Isaiah Joo serves in the Office of eDiplomacy at the U.S. Department of State.
On March 8-9, 2013, the Office of eDiplomacy within the State Department's Bureau of Information Resource Management convened its tenth Tech@State conference, Tech@State: Internet Freedom. The event, held on the campus of George Washington University, examined the various techniques and methods that can be used to enhance, expand, and protect Internet freedom. Over 50 experts from within the U.S. government, international non-governmental organizations, non-profits, technology companies, and academic institutions convened to speak on this subject before an audience for approximately 300 attendees, as well as an online audience of hundreds more U.S. and foreign participants watching from several US embassies overseas.
In a welcoming address, Assistant Secretary of State for Democracy, Human Rights, and Labor Michael Posner reflected on the progress that the State Department had made on Internet freedom and offered thoughts on how new technologies and innovation have both positively and negatively impacted this work. Posner challenged the audience to redouble their efforts in the field of Internet freedom in three specific ways.
Posner first encouraged the audience to develop and promote a positive vision for the Internet and Internet governance. He stated the importance in democratizing the Internet and making it more accessible for people in all parts of the world. Posner’s second challenge was to ensure policy was both smart and adaptive in light of technological advancements in Internet freedom:
“As new technologies develop, governments must continue to ensure that relevant laws and policies are consistent with human rights, including privacy rights and the rights to freedom of expression and freedom of assembly.”

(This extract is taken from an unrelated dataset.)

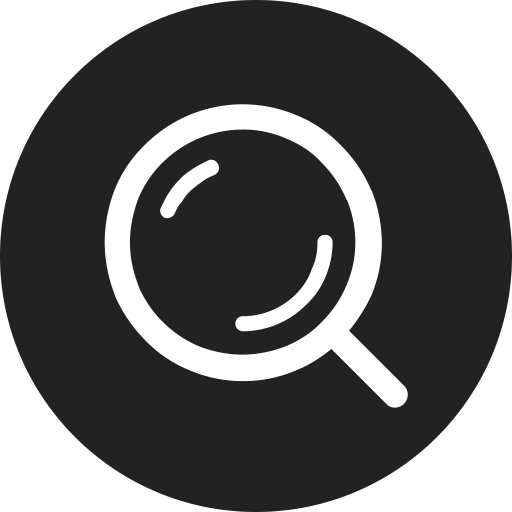 A White Magnifying Glass On A Black Background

Finally, Posner called upon the participants to continue to commit to “the hard work of supporting people on the ground facing Internet repression.” He concluded by stating that Tech@State: Internet Freedom was an excellent opportunity to explore new ideas and collaborations, and to identify emerging needs in the field of Internet freedom where the State Department and others can help.
Andrew McLaughlin, the former Deputy Chief Technology Officer of the United States who from 2009 through 2011 was responsible for advising President Obama on the Internet, technology, and innovation policy, provided the keynote address. McLaughlin began by highlighting that threats to Internet freedom and cyber security come from both state and non-state actors today. He cited activities in Egypt, Syria, and China as examples where unconventional actors have emerged as both friends and opponents in the Internet freedom space. He argued that the most pressing issue facing Internet freedom today is surveillance, not only from governments, but also from private corporations. He also noted the troubling pattern of some democratic nations’ increasingly using online censorship targeting their citizens, and thereby restricting the freedom, privacy, and security of Internet use. McLaughlin concluded by arguing for an Internet freedom agenda he labeled “Internet Freedom 2.0,” which he stated should “focus on information restrictions imposed by companies and in democratic countries, information restrictions and limits on Internet freedom that are being advanced legislatively or otherwise in democratic countries.” McLaughlin also called for an examination of “the intersection between efforts to keep the internet secure and infrastructure implemented restrictions that can be used for ill.” [KK1]
Following the keynote address, Stavros Lambrinidis, the European Union Special Representative for Human Rights, addressed the conference via video-tape. Stavros discussed the growing importance of Internet freedom and the EU’s fervent commitment to promoting freedom of expression on the Internet. Reflecting on the importance of privacy in the online world, Stavros argued that “if you have nothing to hide, you probably don’t have a life.”
After Stavros Lambrinidis’ remarks, a plenary panel of leading experts and implementers of Internet freedom reflected on the use of technology to foster and enhance open access to the Internet, as well as the use of technology to repress Internet freedom around the world. The panel included Dawn Nunziato, the Co-Director of George Washington University Law School’s Global Internet Freedom Project, Robert Guerra of the Citizen Lab, Rebecca MacKinnon of the New America Foundation, and Dlshad Othman, a 2012 U.S. Department of State Internet Freedom Fellow who has been at the center of a community supporting Internet freedom and digital security in in Syria. The panel’s insights highlighted the evolving and complex duality of technology, and formed the basis for discussions throughout the remainder of the conference.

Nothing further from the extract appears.